W roli głównej rodzeństwo: Basia i młodszy brat, Franek. Ona, przewodniczka pomaga mu 
w poznawaniu świata, na swój uroczo dziecięcy sposób. Sytuacje, jakie mają miejsce w krótkich historyjkach są bliskie temu, co przeżywają maluchy. Franek uczy się ubierać, korzystać z toalety. Uczy się kształtów, kolorów czy liczenia. Bawi się autami, podziwia pojazdy czy poznaje zwierzęta. 
I pewnie to jest sekret tych książeczek. Można każdą historię nabyć osobno lub w zbiorze, takim, jaki
 i my mamy (bo jak szaleć, to szaleć!) :)
Humisia sama uwielbia czytać z Humkiem, przeglądać książkę i ją po swojemu ciamkolić :)
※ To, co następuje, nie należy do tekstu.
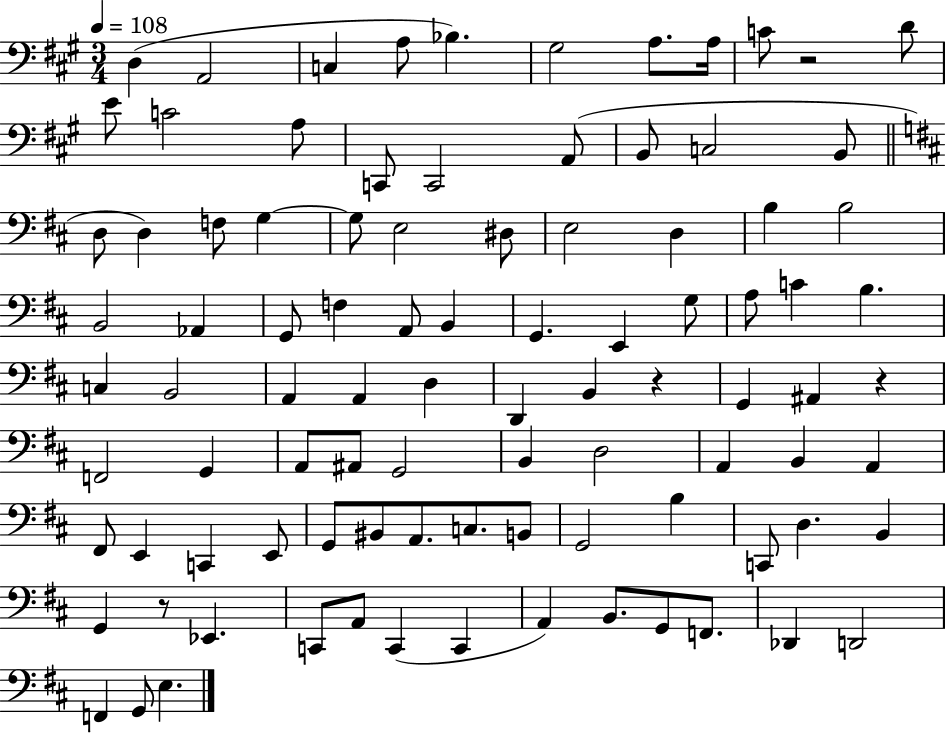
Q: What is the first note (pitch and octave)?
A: D3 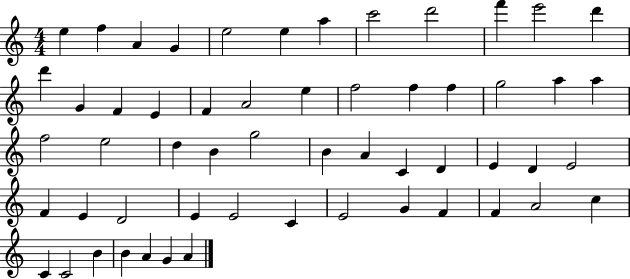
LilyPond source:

{
  \clef treble
  \numericTimeSignature
  \time 4/4
  \key c \major
  e''4 f''4 a'4 g'4 | e''2 e''4 a''4 | c'''2 d'''2 | f'''4 e'''2 d'''4 | \break d'''4 g'4 f'4 e'4 | f'4 a'2 e''4 | f''2 f''4 f''4 | g''2 a''4 a''4 | \break f''2 e''2 | d''4 b'4 g''2 | b'4 a'4 c'4 d'4 | e'4 d'4 e'2 | \break f'4 e'4 d'2 | e'4 e'2 c'4 | e'2 g'4 f'4 | f'4 a'2 c''4 | \break c'4 c'2 b'4 | b'4 a'4 g'4 a'4 | \bar "|."
} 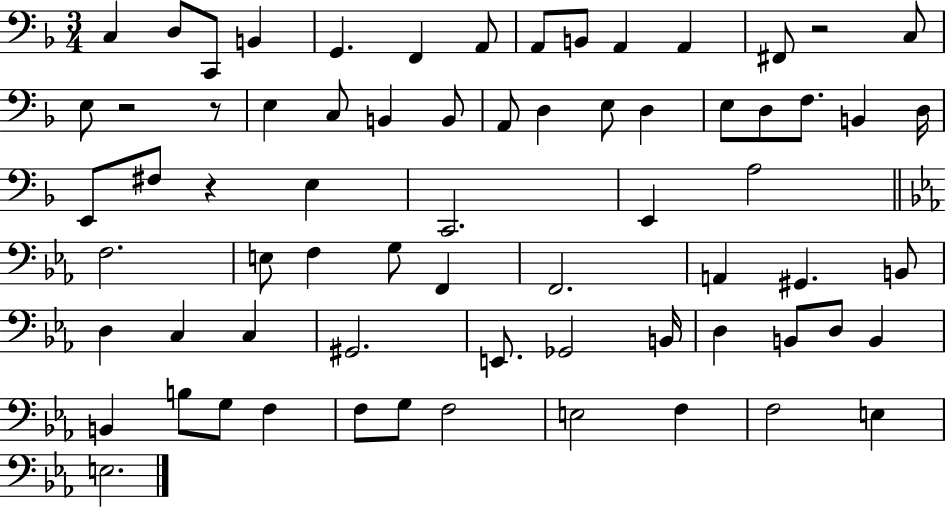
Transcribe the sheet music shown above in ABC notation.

X:1
T:Untitled
M:3/4
L:1/4
K:F
C, D,/2 C,,/2 B,, G,, F,, A,,/2 A,,/2 B,,/2 A,, A,, ^F,,/2 z2 C,/2 E,/2 z2 z/2 E, C,/2 B,, B,,/2 A,,/2 D, E,/2 D, E,/2 D,/2 F,/2 B,, D,/4 E,,/2 ^F,/2 z E, C,,2 E,, A,2 F,2 E,/2 F, G,/2 F,, F,,2 A,, ^G,, B,,/2 D, C, C, ^G,,2 E,,/2 _G,,2 B,,/4 D, B,,/2 D,/2 B,, B,, B,/2 G,/2 F, F,/2 G,/2 F,2 E,2 F, F,2 E, E,2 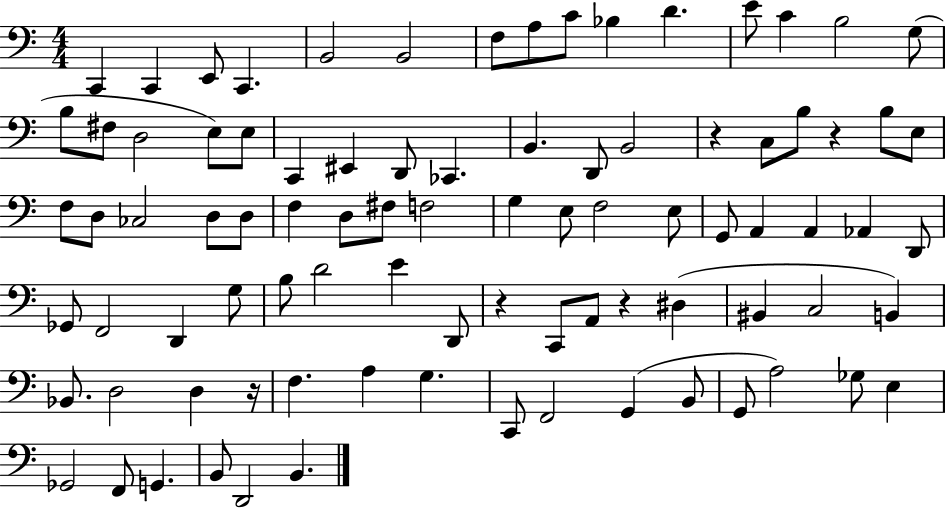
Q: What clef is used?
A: bass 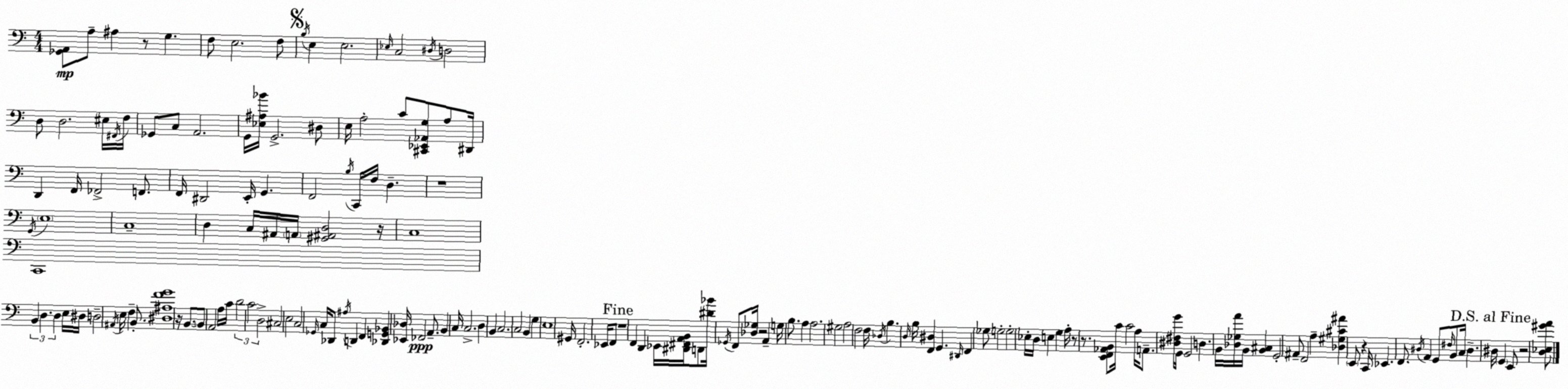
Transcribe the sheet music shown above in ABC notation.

X:1
T:Untitled
M:4/4
L:1/4
K:C
[_G,,A,,]/2 A,/2 ^A, z/2 G, F,/2 E,2 F,/2 B,/4 E, E,2 _E,/4 C,2 ^D,/4 D,2 D,/2 D,2 ^E,/4 ^F,,/4 F,/4 _G,,/2 C,/2 A,,2 G,,/4 [_E,^A,_B]/4 G,,2 ^D,/2 E,/4 A,2 C/2 [^C,,_E,,_A,,G,]/2 A,/2 ^D,,/4 D,, F,,/4 _F,,2 F,,/2 F,,/4 ^D,,2 E,,/4 G,, F,,2 B,/4 C,,/4 F,/4 D, z4 G,,/4 E,4 C,4 D, C,/4 ^A,,/4 A,,/4 [^G,,^A,,D,]2 z/4 C,4 C,,4 B,, D, D, E,/4 ^D,/4 D,2 ^A,,/4 E,/4 F, B,,/2 [^D,^A,FG]4 z/4 B,,/2 B,,/2 A,,2 A,/4 C/4 D2 C2 D,2 ^C,2 E,2 C,2 _G,,/4 C,/4 _D,,/2 ^A,/4 D,, F,, [_D,,G,,_B,,] [_E,,_D,]/4 _F,,2 A,,/2 B,, C,/4 C,2 D, B,, C,2 C,2 B,, G, E,4 ^G,,/4 F,,2 _E,,/4 F,,/2 z4 F,, D,, _E,,/4 [^D,,^F,,A,,B,,]/4 D,,/2 [^D_B]/4 _G,,/4 F,,/2 [_D,_G,]/4 z2 A,, G,/4 B,/2 A, A,2 ^G,2 A,2 F,2 F,/4 _D,/4 B, D,/4 B,/4 [F,,^D,] G,, ^D,,/4 F,, _G,/2 G,2 G,2 _E,/4 D,/4 E, G, A,/4 z/2 z/2 [E,,F,,_A,,B,,]/2 C/4 C2 A,/4 A,,/2 [^D,^F,G]/4 G,,/4 G,,2 D, B,,/4 [_D,_G,A]/4 B,,/4 [B,,^C,] G,,2 ^A,,/2 F,,2 A, [_D,^G,^C^A] E,,/2 z C,,/4 _E,, F,,/2 ^D,/4 A,, G,,/2 ^F,/4 B,,/2 C,/4 ^D, ^D,/4 G,, E,,/2 z2 [D,_E,^GA]/2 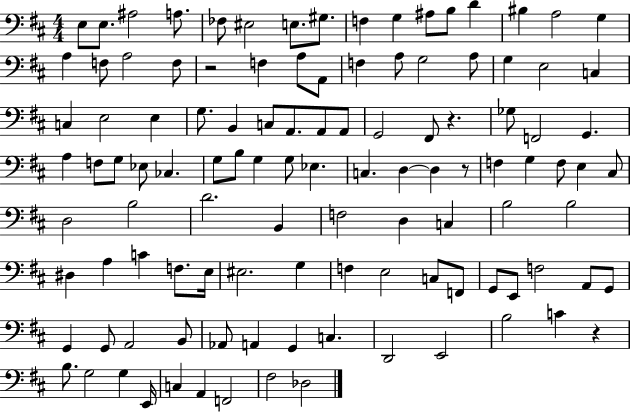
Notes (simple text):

E3/e E3/e. A#3/h A3/e. FES3/e EIS3/h E3/e. G#3/e. F3/q G3/q A#3/e B3/e D4/q BIS3/q A3/h G3/q A3/q F3/e A3/h F3/e R/h F3/q A3/e A2/e F3/q A3/e G3/h A3/e G3/q E3/h C3/q C3/q E3/h E3/q G3/e. B2/q C3/e A2/e. A2/e A2/e G2/h F#2/e R/q. Gb3/e F2/h G2/q. A3/q F3/e G3/e Eb3/e CES3/q. G3/e B3/e G3/q G3/e Eb3/q. C3/q. D3/q D3/q R/e F3/q G3/q F3/e E3/q C#3/e D3/h B3/h D4/h. B2/q F3/h D3/q C3/q B3/h B3/h D#3/q A3/q C4/q F3/e. E3/s EIS3/h. G3/q F3/q E3/h C3/e F2/e G2/e E2/e F3/h A2/e G2/e G2/q G2/e A2/h B2/e Ab2/e A2/q G2/q C3/q. D2/h E2/h B3/h C4/q R/q B3/e. G3/h G3/q E2/s C3/q A2/q F2/h F#3/h Db3/h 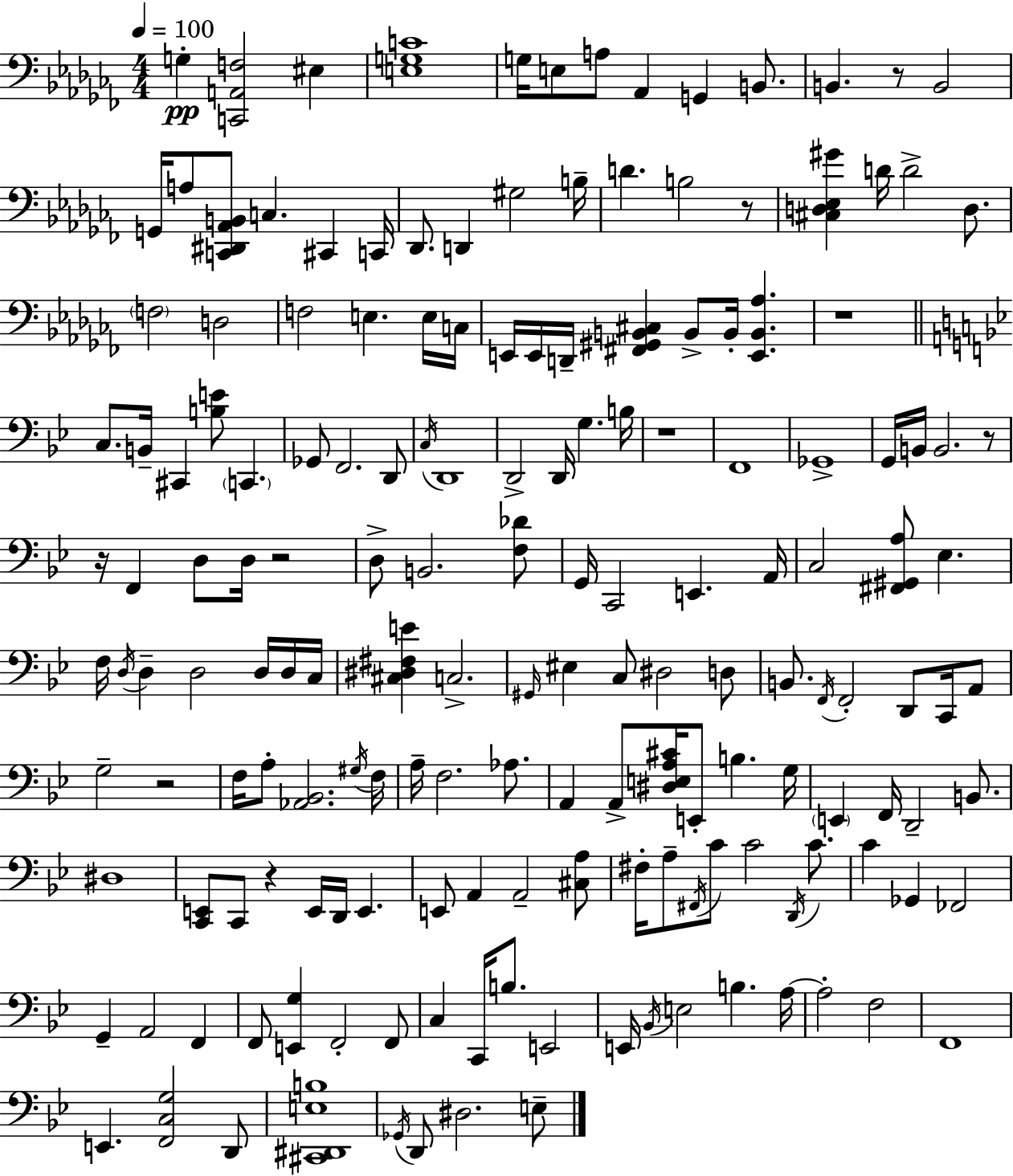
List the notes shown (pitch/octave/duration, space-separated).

G3/q [C2,A2,F3]/h EIS3/q [E3,G3,C4]/w G3/s E3/e A3/e Ab2/q G2/q B2/e. B2/q. R/e B2/h G2/s A3/e [C2,D#2,Ab2,B2]/e C3/q. C#2/q C2/s Db2/e. D2/q G#3/h B3/s D4/q. B3/h R/e [C#3,D3,Eb3,G#4]/q D4/s D4/h D3/e. F3/h D3/h F3/h E3/q. E3/s C3/s E2/s E2/s D2/s [F#2,G#2,B2,C#3]/q B2/e B2/s [E2,B2,Ab3]/q. R/w C3/e. B2/s C#2/q [B3,E4]/e C2/q. Gb2/e F2/h. D2/e C3/s D2/w D2/h D2/s G3/q. B3/s R/w F2/w Gb2/w G2/s B2/s B2/h. R/e R/s F2/q D3/e D3/s R/h D3/e B2/h. [F3,Db4]/e G2/s C2/h E2/q. A2/s C3/h [F#2,G#2,A3]/e Eb3/q. F3/s D3/s D3/q D3/h D3/s D3/s C3/s [C#3,D#3,F#3,E4]/q C3/h. G#2/s EIS3/q C3/e D#3/h D3/e B2/e. F2/s F2/h D2/e C2/s A2/e G3/h R/h F3/s A3/e [Ab2,Bb2]/h. G#3/s F3/s A3/s F3/h. Ab3/e. A2/q A2/e [D#3,E3,A3,C#4]/s E2/e B3/q. G3/s E2/q F2/s D2/h B2/e. D#3/w [C2,E2]/e C2/e R/q E2/s D2/s E2/q. E2/e A2/q A2/h [C#3,A3]/e F#3/s A3/e F#2/s C4/e C4/h D2/s C4/e. C4/q Gb2/q FES2/h G2/q A2/h F2/q F2/e [E2,G3]/q F2/h F2/e C3/q C2/s B3/e. E2/h E2/s Bb2/s E3/h B3/q. A3/s A3/h F3/h F2/w E2/q. [F2,C3,G3]/h D2/e [C#2,D#2,E3,B3]/w Gb2/s D2/e D#3/h. E3/e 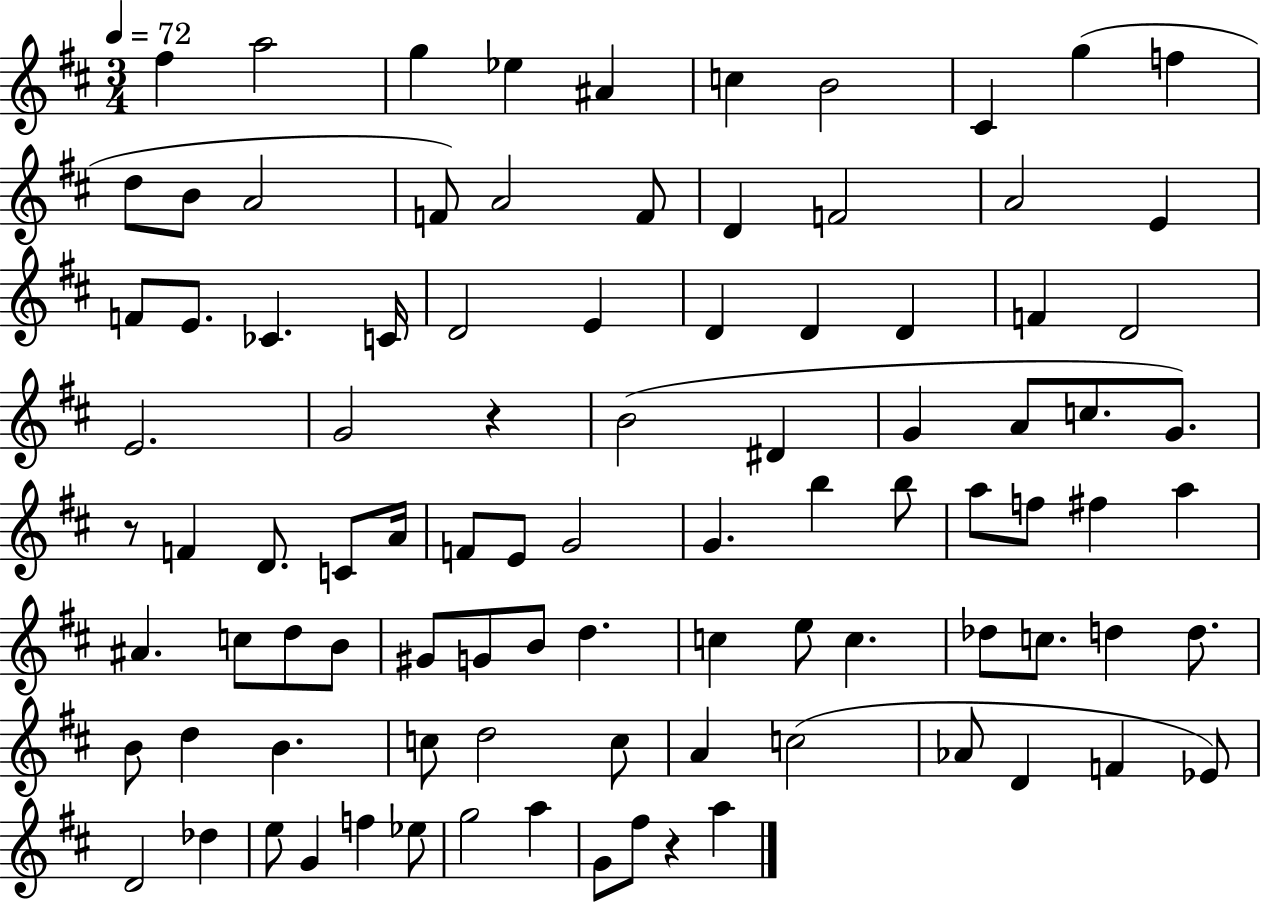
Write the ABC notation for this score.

X:1
T:Untitled
M:3/4
L:1/4
K:D
^f a2 g _e ^A c B2 ^C g f d/2 B/2 A2 F/2 A2 F/2 D F2 A2 E F/2 E/2 _C C/4 D2 E D D D F D2 E2 G2 z B2 ^D G A/2 c/2 G/2 z/2 F D/2 C/2 A/4 F/2 E/2 G2 G b b/2 a/2 f/2 ^f a ^A c/2 d/2 B/2 ^G/2 G/2 B/2 d c e/2 c _d/2 c/2 d d/2 B/2 d B c/2 d2 c/2 A c2 _A/2 D F _E/2 D2 _d e/2 G f _e/2 g2 a G/2 ^f/2 z a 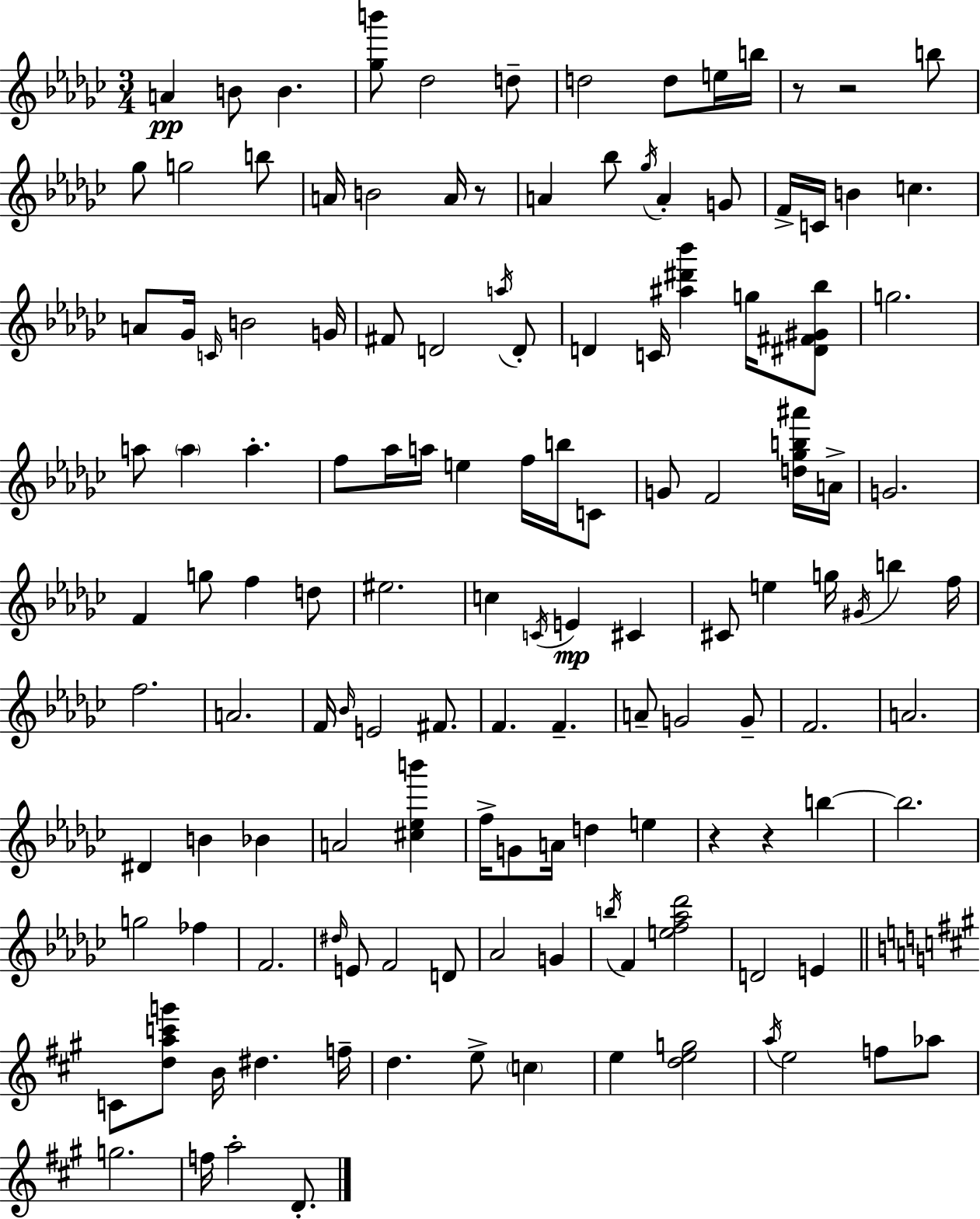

Książka jest u nas w stałym użyciu, nie może odbyć się bez niej żadna drzemka, a każdy nasz gość musi (!) ją przeczytać. Humek nie odpuści, hihi ;-)
Książka zawiera również strony z zadaniami dla dzieci: należy wskazać odpowiednie kształty, dobrać 
w pary, przeliczyć itp.

Zainspirowani ową pozycją, rozpoczęliśmy z Humkiem tworzenie filcowych postaci, które posłużą nam do odgrywania scenek. Na pierwszy ogień poszedł nie kto inny, tylko Franek, służący na razie jako zakładka. 'Uszyliśmy' mu ubranie wzorowane na tym, które nosi w historyjce, a które można mocować przy pomocy rzepów:







Świetnie się przy tym bawiliśmy i z pewnością będziemy dopracowywać nasze dzieło :)

A dzisiejszy wpis jest pierwszym w trzeciej już edycji projektu 'Przygody z książką', które organizuje Dzika Jabłoń.



Tytuł: Wielka księga Basi i Franka
Autor: Zofia Stanecka
Wydawnictwo: Egmont

Brak komentarzy:

Prześlij komentarz

Twoje słowa mają moc:-)
Dziękuję!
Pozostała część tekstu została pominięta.